It's HOT! Here's how to make cold brew coffee.
It's been damn hot this week! All this crazy weather has had me trying out a few different cold brew recipes (and consequently drinking too much coffee).
So here’s a great starting cold brew recipe for you to try at home.
What you’ll need;
- Fresh coffee
- A jug or french press
- A fine strainer or filter papers
Here’s my personal recipe from this week too, using the Kenya Gulmarg Honey process coffee;
- 32.5g coffee coarsely ground (“Filter” setting on the Wilfa Svart home grinder).
- Add 500ml of Yorkshire’s finest council pop.
- Give it a little stir.
- Leave out at room temp for 14 hours.
- Strain through a V60 02.
What is cold brew
So what makes cold brew so different from a “normal” brew? Heat!
Heat works as the catalyst in extracting all those lovely flavour compounds in coffee and applying that properly is what can sometimes cause a coffee to be too bitter if over-extracted (too much heat for too long) or taste sour and weak (not enough heat).
Whereas in cold brew coffee, we are letting the water do the work for us instead and this is where your grind setting and timing really come into play.
Firstly grind is very important with cold brew, just as it is with “hot” brewing, if we have our ground coffee too fine it can cause more bitter compounds to be extracted as the grounds have become more permeable to water. On the other side if we have the coffee way to coarse with big chunks of beans knocking about, we won't be able to extract much at all from that and will end up with very weak brown water.
But once you’ve got the grind setting down (again just slightly coarser than you would grind for French press), we can start to play with timing and this is how long we’re going to leave the coffee to extract. The longer we leave it the more compounds will be extracted from the coffee and different compounds can extract at different rates due to their solubility.
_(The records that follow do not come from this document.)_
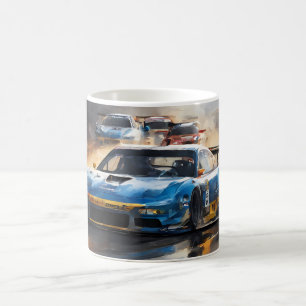 Caneca De Café Carro Blue Race com Ascensão Sun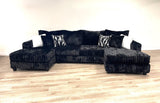side view of Fil Black Sectional sectional sofa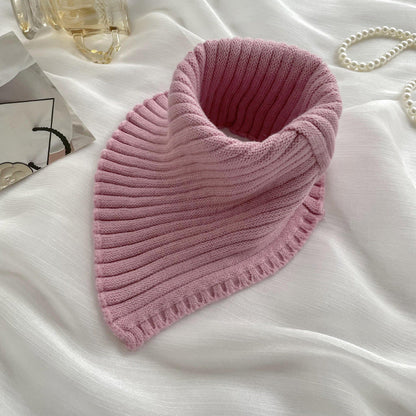 Solid Color High Collar Warm Knit Scarve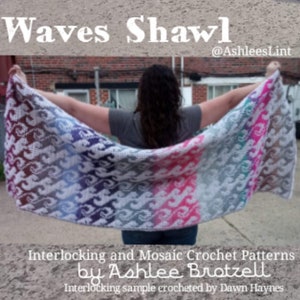 Waves Shawl Crochet Pattern for Locked Filet Mesh / Interlocking or Overlay Mosaic Crochet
Personally I enjoy a shorter brew time of 12-14 hours at room temperature as I find it brings out all the lovely sweet notes along with the floral and fruity flavours I love in a cold brew, whilst minimising bitterness.
Some of you may enjoy increased bitterness in your cold brew though, the bitter compounds found in coffee usually take longer to extract than others so by leaving your cold brew to extract longer (18-24hrs), you can increase the extraction of the more bitter flavour notes and create a “stronger” tasting cold brew. If you are wanting to brew your coffee for the 18-24hr, I would always highly recommend doing this by leaving it covered and in the fridge, as the longer you leave the brew, the longer it has to oxidise and become stale in taste.